The Creeping

“I’ll pick you up. I’ll be there in twenty,” I say, rushing to hang up before she can tell me no.

I decide to wait on the front porch for Sam. The rain and the uniformed cops washed away any remnants of the rank strawberries. I scan the block warily to make certain there aren’t any reporters lurking. None. They’ve probably all relocated to the Talcotts’ house. The unmarked cop car parked two houses down is the only thing out of the ordinary. I wave to Officers Reedy and Matthews from afar, figuring that they’re probably spying on me. I wonder if they use binoculars. I text Shane to let him know I’m making a quick trip to the library with Sam and Zoey, and then it’ll be straight home for me.

Sam and Zoey. Zoey’s going to murder me when I show up at her house with Sam. I sniff . . . bad word choice.

Ten minutes pass, and I start to fidget. What if Sam got home last night and realized what a massive mistake helping me is? What if he’s headed north to the border to live a life of crime, all to escape me and the impending doom I bring along? Okay, that’s unlikely, but waiting for him makes me queasy.

I focus on my shady street. Gradually, the eeriness hits me. There are barely any cars on the block. Everyone’s shades and curtains are drawn, houses wrapped up tight as presents on Christmas morning. Their porches are littered with talismans to ward off evil. Horseshoes, bells and chimes, wreaths hanging above doorways. Crucifixes sticking out of manicured lawns. It looks postapocalyptic. This is what the lost years looked like. Deserted tricycles and basketball hoops rusting in cul-de-sacs. More wild turkeys bumping along the road than cars. Empty buses headed to school. Kids didn’t go anywhere without their parents. And everyone went to church, because people find God fast when stuff scares the crap out of them.
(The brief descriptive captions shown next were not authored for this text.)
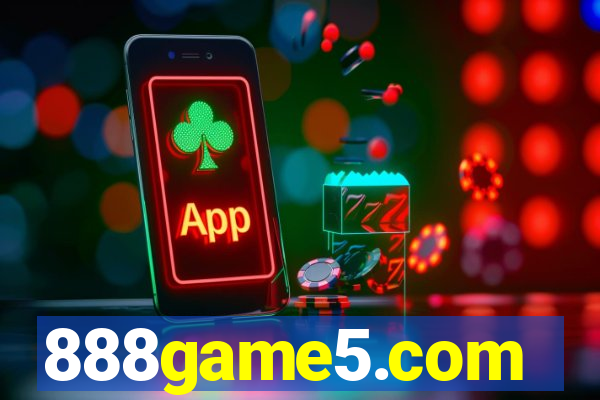 888game5.com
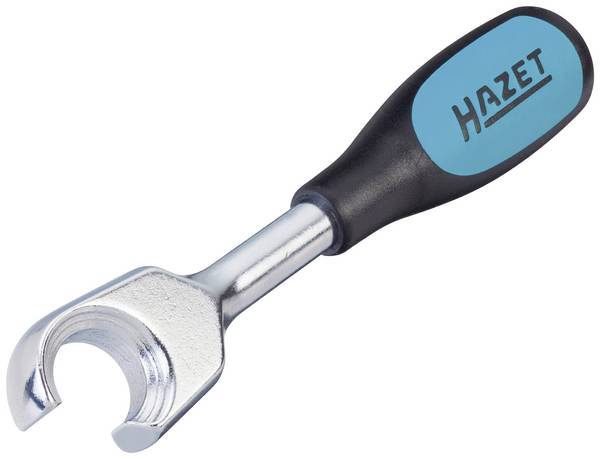Hazet 1868-10 1868-10 otvírák na lahve a plochý klíč 2 v 1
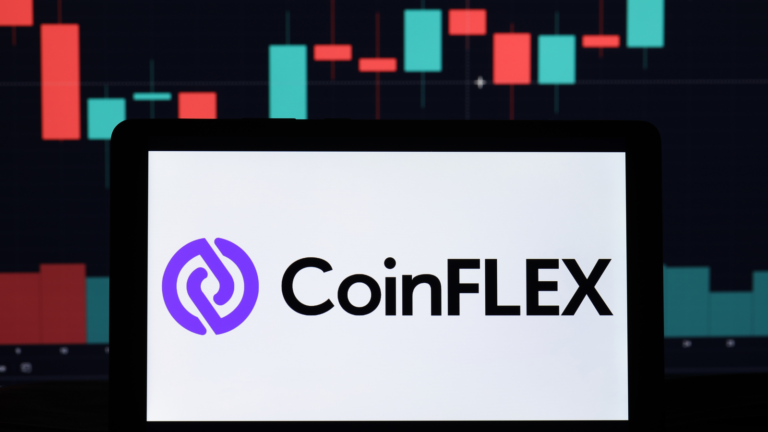 CoinFLEX - CoinFLEX Launches rvUSD Crypto to Support $47M Margin Call Fundraise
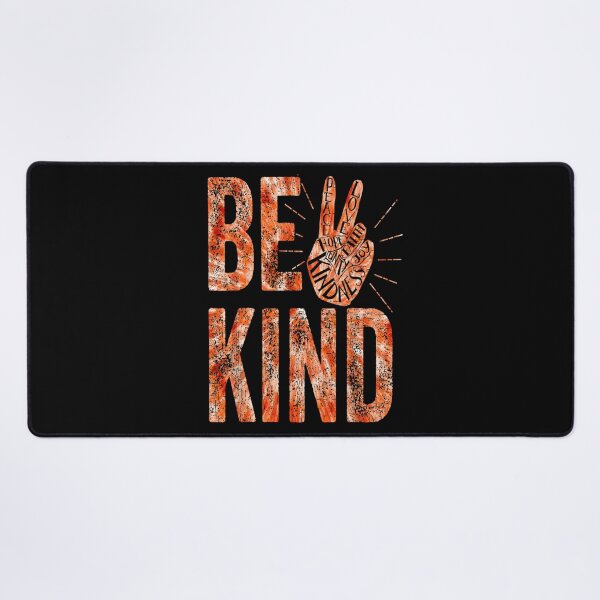 Item preview, Be Kind Unity Day Orange Kids Women Be Kind designed and sold by beunique5.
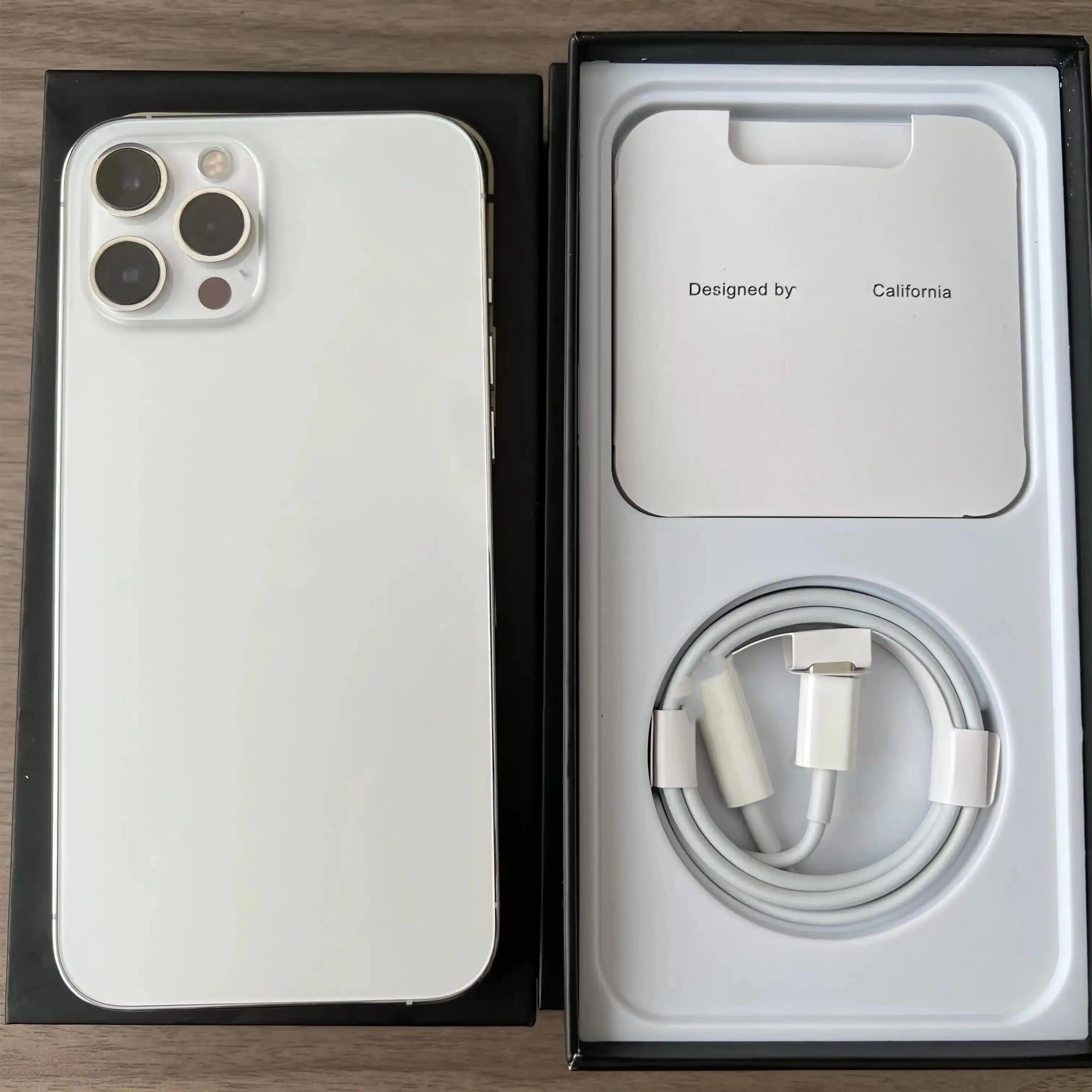 90 NEW smart used mobile phones For i phone 14 13 12 11pro max phone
I try to laugh it off. People just being paranoid and superstitious. So what? It’s like I’m on the set of a B-movie horror flick. But all I can think is: if they only knew. If they only knew that this happened before . . . over seventy years ago. If they only knew what Jane Doe was clasping in her dainty hand. If they only knew she was scalped. If they only knew what six-year-old me was saying when I came back that day. If they did, they’d be sitting on their porches with shotguns rather than leaving a couple of violet rabbit’s feet to do the job.





Chapter Sixteen


Sam’s wagon roars into the driveway, and I book it a little too quickly to climb into the passenger seat.

“Good morning,” he says with gusto. He smells vaguely like mint and toast. His cheeks glow pink, and the fringes of his eyelashes arch as he smiles. “Sorry it took me so long. Mom wouldn’t let me leave before I ate breakfast with her.”

“No worries.” I settle back into the familiar seat and suppress a sigh. “Could we stop by Zoey’s on the way? She’s going to come with,” I say.

Sam’s wide eyes flit back and forth between me and the road. “Zoey agreed to be in the same room as me?” he asks dubiously.

I act preoccupied with my reflection in the mirror. “Mm-hmm.” I try for nonchalance.

“Huh. I guess there’s a first time for everything,” he says in a pluckily optimistic way that makes me feel guilty for lying. “Daniel never called me back last night. I’ll try him again after the library. He’s probably just lying low with his dad.” I shrug. Daniel is the least of my worries. First I have to survive Zoey; then I have to figure out a way to tell Sam and Zoey what I remembered.

Zoey lives on the opposite side of downtown from me, and even though fifteen blocks are all that separate our two houses, it’s like traveling from one world to the next. The homes get dollhouse small, and on every other street there’s a cluster of trailers. Pretty ones with plastic pink flamingos and fake green hedges, but still . . . houses on wheels. If the train tracks actually ran through town, this would be the wrong side of them. Zoey will antagonize just about everyone for just about everything, except not having a lot of money. Once I caught her in the locker room when she thought she was alone, telling her reflection that money can’t buy popularity. I think it probably can in most places, but not at our school, not under Zoey’s watch.

“I’ll be right back,” I say to Sam when he throws the car into park in Zoey’s gravel driveway.